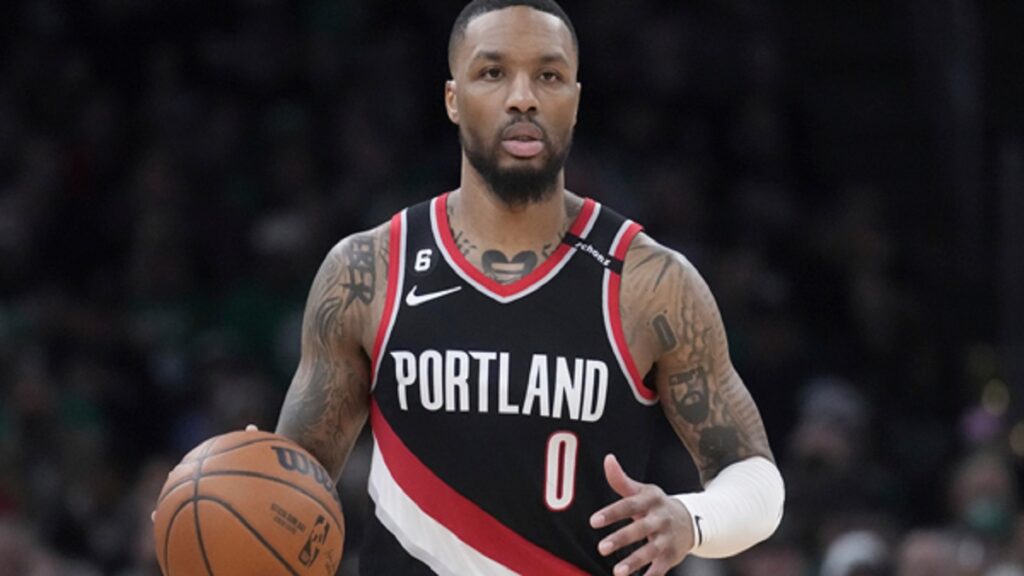 Where is Damian Lillard headed after leaving Portland Trail Blazers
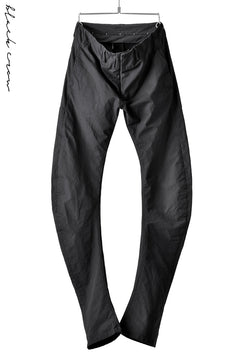 Load image into Gallery viewer, blackcrow high density cotton banana shape trousers (BLACK)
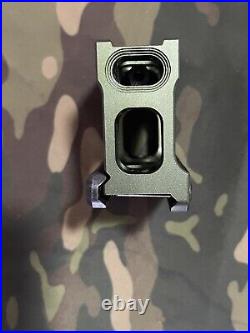 Unity Tactical FAST Anodized Green T1 T2 Micro Mount Fundraiser Edition #Of 250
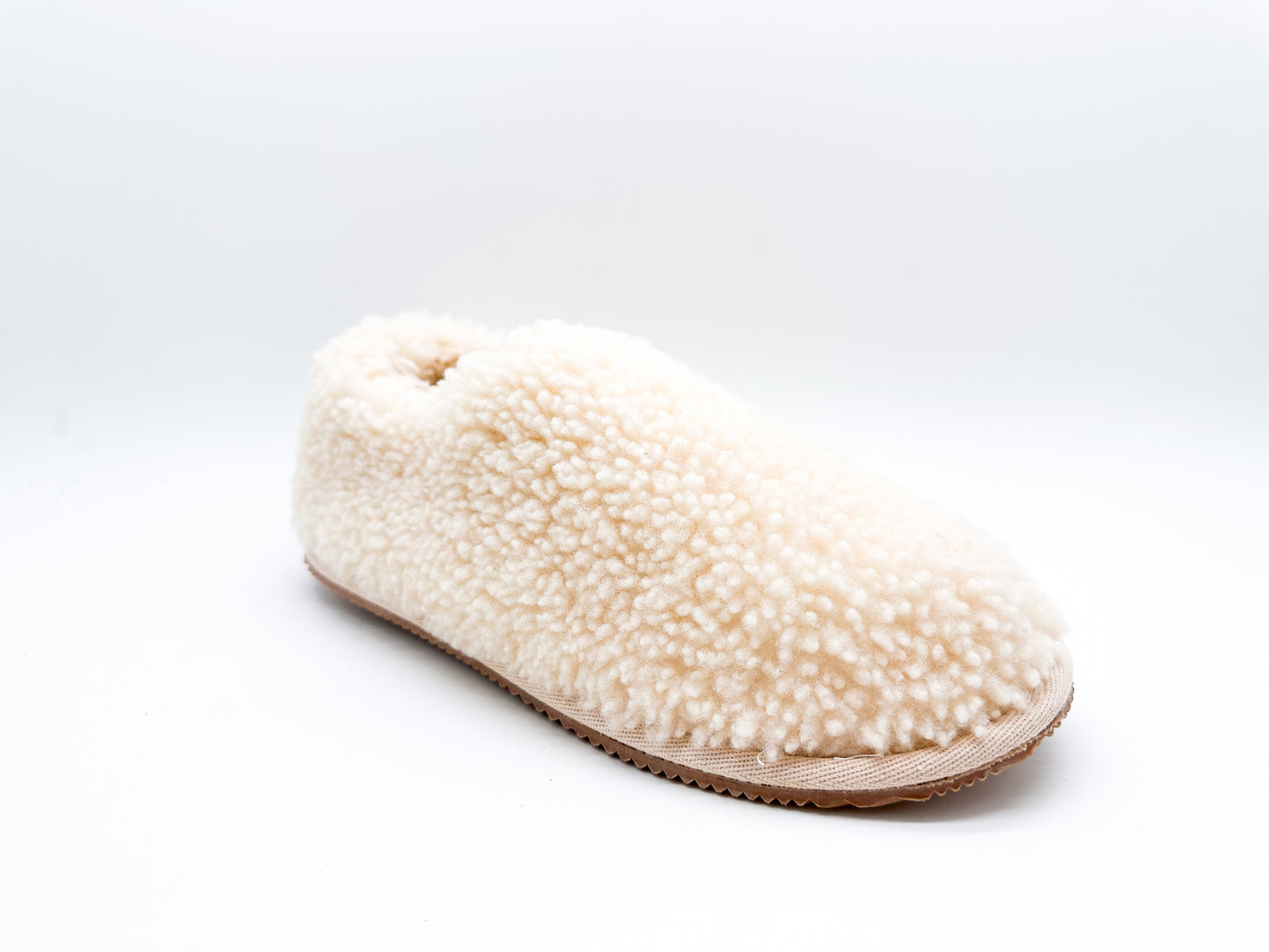 thies 1856 ® Cozy Sheep Low Slipper Boots beige (W)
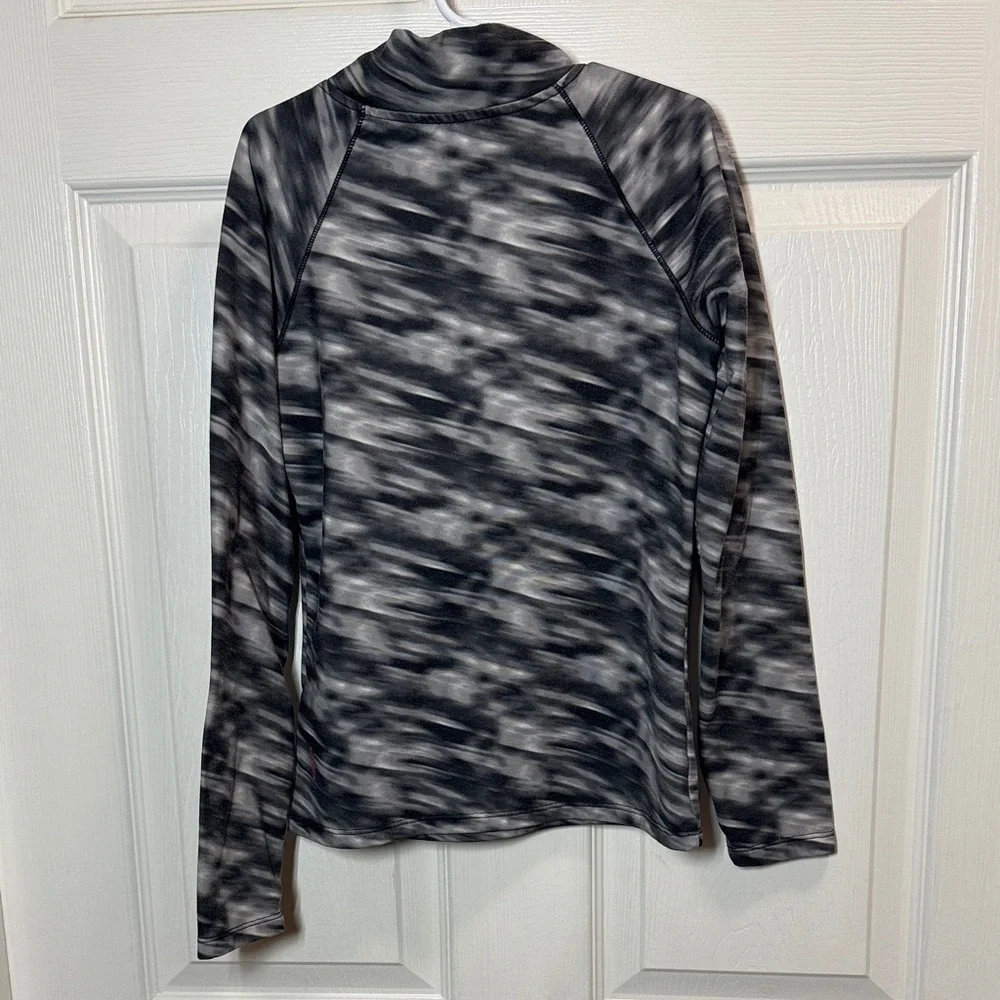 Girls Champion Cold Gear Mock Neck Long Sleeve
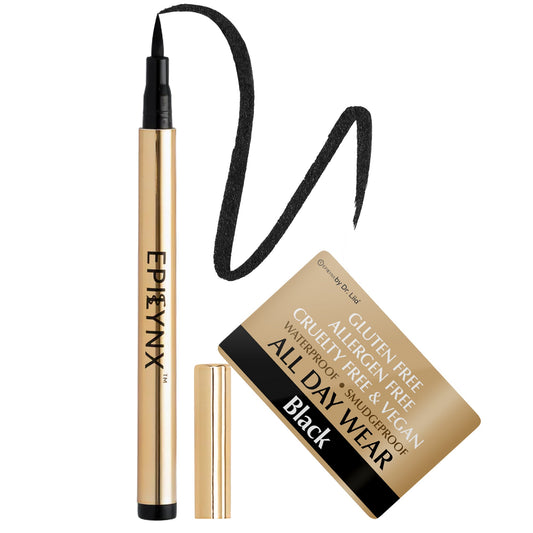 Waterproof Eyeliner for Sensitive Eyes - AetherLux.Shop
● ● ● ● ●
Required action> Without the pictures, return the whole of the data exactly as given.

Response area>
 Where is Damian Lillard headed after leaving Portland Trail Blazers
 Load image into Gallery viewer, blackcrow high density cotton banana shape trousers (BLACK)
 Unity Tactical FAST Anodized Green T1 T2 Micro Mount Fundraiser Edition #Of 250
 thies 1856 ® Cozy Sheep Low Slipper Boots beige (W)
 Girls Champion Cold Gear Mock Neck Long Sleeve
 Waterproof Eyeliner for Sensitive Eyes - AetherLux.Shop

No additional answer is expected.